5. Leigh Griffiths
I have come across many of the other wee mental cases to come out of Leith in my time. Once, whilst skateboarding down the street I came across the now captain of the Scotland team, Scott Brown. The next day I was to go through to Glasgow to see Hibs play in the 2003 League Cup final. So when I noticed him I almost said, alright Scott. Before I had the chance however, he had jumped out in front of me and whilst flailing his arms about yelled something like “waaannnggh pure skateboarder”. Derek Riordan – another resident of Edinburgh’s Leith district – once claimed whilst being thrown out of a friend’s pub; “I’m not me, I’m my brother.” However wee Leigh is most certainly the best of the Leith cartel, having told a whole section of his own fans to go and f**k themselves whilst doing the crossed arms fist up gesture. This followed various similar types of gesture to various fans, one of the best being a double thumbs up to Hearts fans after defeating them in the cup. Accusations of different kinds from the police are checkering his reputation and character currently, however the best of these was being accused of shop-lifting at Tesco’s a couple of weeks ago.
4. Chic Charnley
Holding the record for the most sending’s off of any British professional footballer, Chico was always enigmatic.

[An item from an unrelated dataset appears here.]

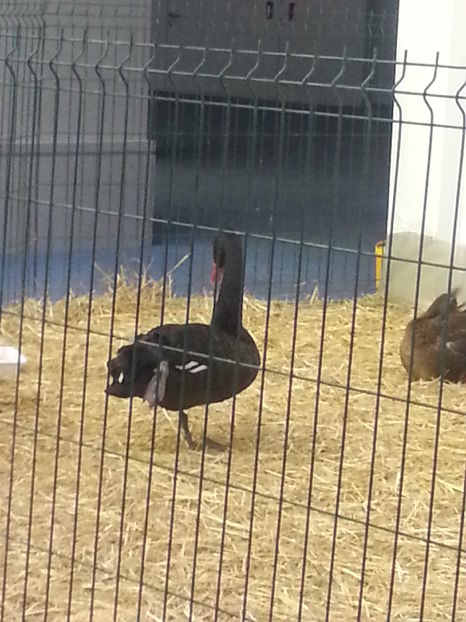  - Expo Craiova - Fauna Baniei 2016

Often looking like a Sunday league player who once had been a real talent, he occasionally displayed some outrageous ability, scoring from the halfway line and other ridiculous goals. Many of his games he played always seemingly half cut. He admits in his autobiography that had he made the kind of money players earn today he would never have lasted. "Getting 20 grand a week would probably have done me in." Despite this he should always be remembered for the story of 2 men coming onto the training pitch at Partick Thistle brandishing samurai swords. At the sight of these men, Chico did the opposite of what a normal person might do and began to charge them and in the end managed to see them off.
3. Duncan Ferguson
As every Everton fan and every central defender who he played against will attest to, Duncan Ferguson was a beast of a man. Whilst many Glaswegians are known for a fiery temperament, this is also often balanced by a diminutive frame. Fortunately for Duncan he had the temperament and frame of a drunken ox. Having spent time in jail for a head-butt on a Falkirk defender (in Scotland you can be punished by law for actions on the pitch) he moved to Merseyside where he enjoyed the rest of his career intimidating the crap out of defenders all over the Premier league. His best stories in my opinion however, came on two separate occasions when people broke into his home and tried to rob him. On both occasions the robbers were confronted and then dealt with by the mighty and swift hands of Fergusons justice before being handed over to the police.
2. Alex Ferguson
Another Ferguson on the list here this one however is more typical of the wee hard men of Glasgow. His appearance of constant chewing and intensity makes him look like there is constantly a firework just about to explode up his a**e. And invariably it does. The term “the hairdryer” was given to his team talks and famously David Beckham felt the sharp end of one of these sessions quite literally. Ferguson is known for his temper and his passion which has managed to bring him unrivalled success. What I personally find makes Fergie such a mentalist though, and what puts him on this list, is his more sinister psychological bullying that has seen Arsene Wenger appear to age exponentially and has caused poor old Kevin Keegan to have a nervous breakdown on live TV.
1. Graeme Souness
With the cool calculating air of Robert de Niro in Cape Fear and once described as “Begbie with skill”, everything about him oozes psychopath. From his gentle soft spoken intimidation to his previously Stalinesque moustache, Souness is a psycho’s psycho. His debut for Ranger’s saw him sparking a 22 man scrap after a lunging two footed challenge which ended in a red card. Such tackles were of his particular style and only Roy Keane in my mind really compares to this type of midfielder in the modern game. His crowning glory however (in terms of this article) was in 1996 when managing Galatasaray. After defeating their city and league rivals to the cup in Fenerbahce’s own stadium he ran into the centre of the pitch and stabbed a Galatasaray flag into the centre spot. Nothing quite says mentalist better than that.